Clottu Raymond · Nationalrat · 2018-06-11
Clottu Raymond · Nationalrat · Neuenburg · Fraktion der Schweizerischen Volkspartei · 2018-06-11
Wortprotokoll
Lors de sa séance des 2 et 3 février 2017, notre commission a débuté l'étude du nouveau modèle qu'elle avait fait élaborer par l'administration dans le cadre du projet "LAMal. Renforcement de la qualité et de l'économicité", projet que le Conseil des Etats avait jugé inutile et sur lequel il n'était pas entré en matière, par 26 voix contre 16, lors de la session d'été 2016. Lors de la discussion par article, notre commission a décidé de mettre davantage à contribution les fournisseurs de prestations ainsi que les assureurs. Elle propose ainsi, sans opposition, d'appliquer au secteur ambulatoire un principe existant déjà dans le secteur hospitalier: les tarifs et les prix sont déterminés en fonction de la rémunération des fournisseurs de prestations qui délivrent la prestation considérée avec la qualité nécessaire, de manière efficiente et avantageuse. Dans le domaine hospitalier, ce principe avait permis de recueillir et de comparer de manière standardisée des informations concernant la qualité. En outre, notre commission propose d'obliger les fournisseurs de prestations et les assureurs à conclure des conventions nationales relatives au développement de la qualité, conventions qui devront être vérifiées par la Confédération et qui seront contraignantes pour l'ensemble des fournisseurs de prestations. Si ces derniers ne respectent pas les règles du développement de la qualité, leurs prestations ne seront pas prises en charge par l'assureur-maladie. [PAGE 908]
Avant de poursuivre la discussion par article, lors d'une prochaine séance, notre commission avait souhaité entendre les représentants des cantons et des assureurs afin notamment d'étudier une question primordiale, celle de savoir qui financerait les mesures de développement de la qualité dont les coûts sont estimés à quelque 20 millions de francs par an. Ces auditions ont été effectuées par notre commission en avril et mai 2017. En août 2017, notre commission a décidé à l'unanimité de poursuivre le chemin entamé, à savoir la discussion par article.

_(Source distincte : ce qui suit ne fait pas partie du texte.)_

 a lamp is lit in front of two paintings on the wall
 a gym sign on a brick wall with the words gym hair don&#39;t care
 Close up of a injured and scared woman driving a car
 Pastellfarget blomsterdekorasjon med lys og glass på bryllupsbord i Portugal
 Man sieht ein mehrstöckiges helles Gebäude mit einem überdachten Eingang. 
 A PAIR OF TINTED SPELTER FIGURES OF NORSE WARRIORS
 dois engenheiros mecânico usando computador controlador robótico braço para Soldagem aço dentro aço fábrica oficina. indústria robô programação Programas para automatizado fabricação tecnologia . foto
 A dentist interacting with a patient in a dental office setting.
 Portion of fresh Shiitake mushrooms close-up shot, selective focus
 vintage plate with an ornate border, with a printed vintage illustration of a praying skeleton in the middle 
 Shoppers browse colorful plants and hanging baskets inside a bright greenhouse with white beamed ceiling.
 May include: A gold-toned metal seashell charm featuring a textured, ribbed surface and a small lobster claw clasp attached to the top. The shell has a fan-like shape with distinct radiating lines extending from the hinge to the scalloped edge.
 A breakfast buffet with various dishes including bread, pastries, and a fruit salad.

Lors de sa séance des 21, 22 et 23 février derniers, notre commission a poursuivi la discussion par article de ce projet. Elle propose, à l'unanimité, que le Conseil fédéral institue une Commission fédérale pour la qualité, au sein de laquelle siégeront les représentants des cantons, des fournisseurs de prestations, des assureurs, des assurés ainsi que d'autres professionnels de la santé. Cette commission aura pour tâche de réaliser les objectifs du gouvernement en matière de développement de la qualité; elle devra conseiller les autorités, les fournisseurs de prestations et les assureurs. Elle pourra aussi charger des tiers de développer des indicateurs de qualité.
S'agissant du financement, notre commission propose par 15 voix contre 8 et 1 abstention que les coûts soient pris en charge à parts égales par la Confédération et par les cantons. Une minorité Humbel propose un financement à raison d'un tiers chacun par la Confédération, les cantons et les assureurs.
Notre commission est favorable à ce que les fournisseurs de prestations puissent être sanctionnés s'ils ne respectent pas les exigences d'économicité et de qualité. Elle propose, par 13 voix et 9 abstentions, que le Conseil fédéral affecte le produit des amendes et des sanctions aux mesures de qualité.
Lors de notre séance des 19 et 20 avril derniers, notre commission a achevé la discussion par article de ce projet et l'a adopté lors du vote sur l'ensemble, par 19 voix contre 4.
Au cours des derniers mois, notre commission a élaboré son propre modèle, en vue de renforcer la qualité dans le domaine de la santé. Afin d'avoir une lecture plus lisible, nous avons différencié les propositions du Conseil fédéral des propositions de notre commission.
Je vous invite à suivre les propositions de la majorité de notre commission, à savoir à biffer les articles 58a à 58f du projet du Conseil fédéral, et à ajouter les articles 58e à 58m proposés par la majorité de la commission, pour un renforcement du rôle joué par chaque acteur de l'assurance-qualité d'une part, pour un renforcement du partenariat tarifaire d'autre part, et enfin pour un renforcement de la qualité des indications. Je rappelle qu'une minorité Humbel propose à l'article 58l un financement à raison d'un tiers par la Confédération, un tiers par les cantons et un tiers par les assureurs, avec bien entendu un effet sur les primes pour ces derniers.
Enfin, concernant la proposition Moret, nous avons amplement discuté de la thématique en question, et la commission propose une solution différente.
Je vous invite à entrer en matière et à suivre la majorité de la commission.